Quant’è brutto un gatto con il pelo completamente bagnato. Ci credo che i gatti odiano l’acqua, si direbbe che si siano visti allo specchio dopo un bagno!

Lo stile semplice e diretto accompagna il lettore in un viaggio tra le campagne piemontesi, scattandone una meravigliosa e accurata fotografia. Il ritmo narrativo è veloce e il registro medio basso permette al lettore di entrare in confidenza con l’autore che, tra termini dialettali e spiegazioni tecniche, impreziosisce ogni racconto in modo appassionante.

Pagina dopo pagina Silvio Marengo lascia trasparire qualcosa anche su di sé: il suo animo curioso, l’intraprendenza e uno spirito di osservazione molto sviluppato, oltre alla passione viscerale che mette nel suo lavoro.

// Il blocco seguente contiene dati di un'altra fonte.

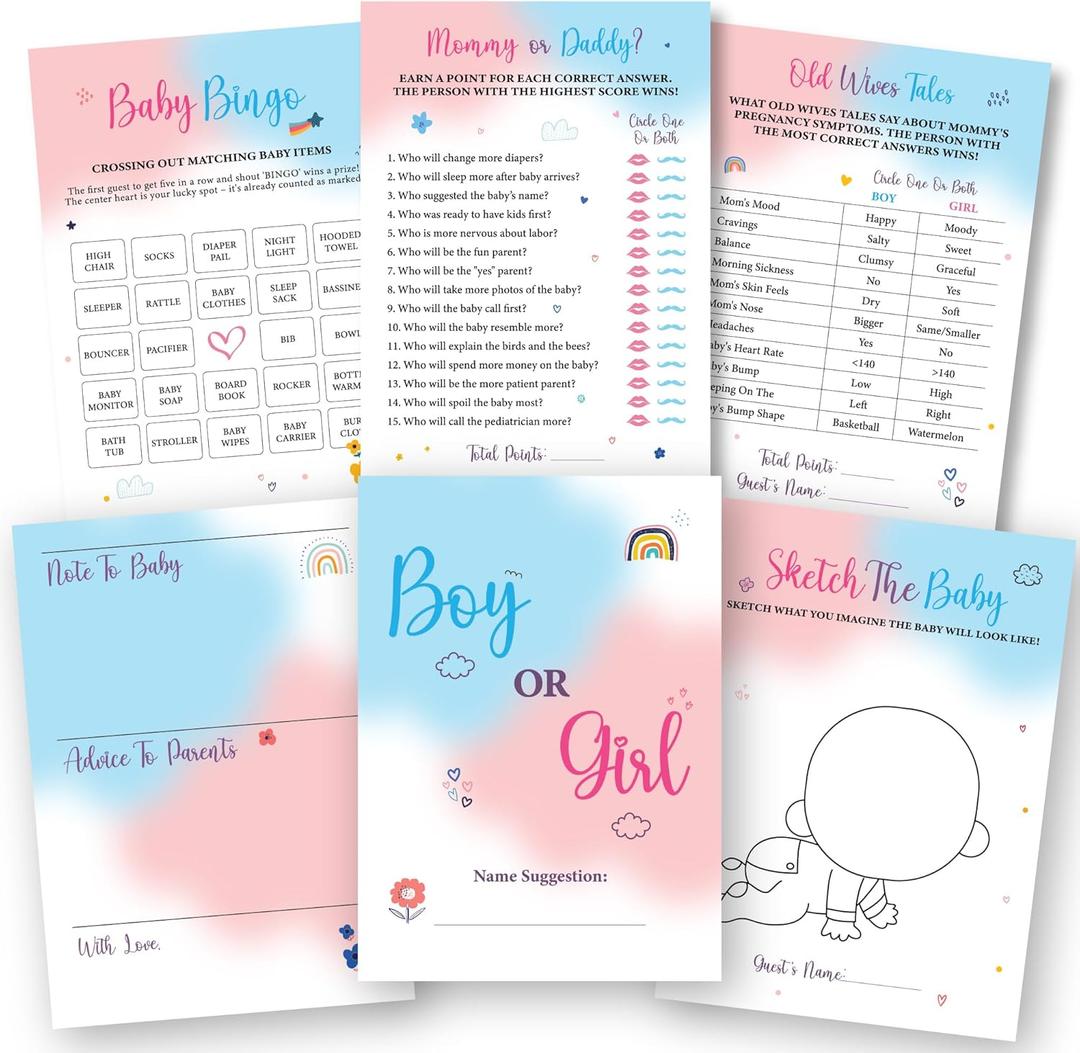 Baby Gender Reveal Games For Guests - Fun Baby Bingo For Boy Or Girl Shower Games, Gender Reveal Decorations, Mommy Or Daddy, Old Wives Tales Gender Reveal Party Game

E’ infatti nell’ultimo capitolo che lo scrittore si spoglia completamente e, arricchendo le narrazioni mediante le atmosfere polverose e rumorose della campagna, ci invita nel “Ciabòt ed le gagìe”, un luogo che gli è molto caro e nel quale il piccolo veterinario che era in lui ha mosso i primi passi per diventare ciò che è tutt’ora.

Particolarità del libro è la presenza di alcuni disegni realizzati proprio dall’autore, che aprono quasi tutti i capitoli aiutando il lettore a visualizzare meglio determinati concetti.

E’ una lettura interessante perché permette di scoprire non solo aspetti degli animali che non sempre vengono presi in considerazione, ma anche di conoscere (per chi non fosse di queste parti) un territorio e i suoi abitanti negli anni del “boom economico”. Una lettura che presta l’occhio esperto di un professionista a lettori curiosi permettendo loro di approcciarsi ad una natura che viene spesso data per scontata e che invece nasconde molti spunti di riflessione.

“La libertà è un oceano aperto in cui tutti vorrebbero sguazzare felici ma in realtà sguazzano incerti, spesso delusi e sempre stanchi, nella necessità di doversi continuamente guardare le spalle dagli attacchi dei predatori, ugualmente liberi.”

Concludo citando la Prefazione di Franco Piccinelli: “L’autore si ispira alla Natura come alla gran Madre qual essa è, la trasferisce nelle cose viste, le filtra e se ne serve da filtro per condire di schietta filosofia le proprie emozioni.”


Silvio Marengo, nato a Fossano (CN) nel 1964, ha avuto modo, fin da bambino di vivere a stretto contatto con gli animali. Dopo aver conseguito la Maturità scientifica, ha vissuto per sei anni a Torino, città in cui ha frequentato la Facoltà di Medicina Veterinaria. Dal 1991 svolge la professione di Medico Veterinario per bovini da riproduzione, piccoli animali ed altre specie domestiche.

firma


Ringrazio Silvio Marengo per avermi regalato e autografato una copia di questo romanzo.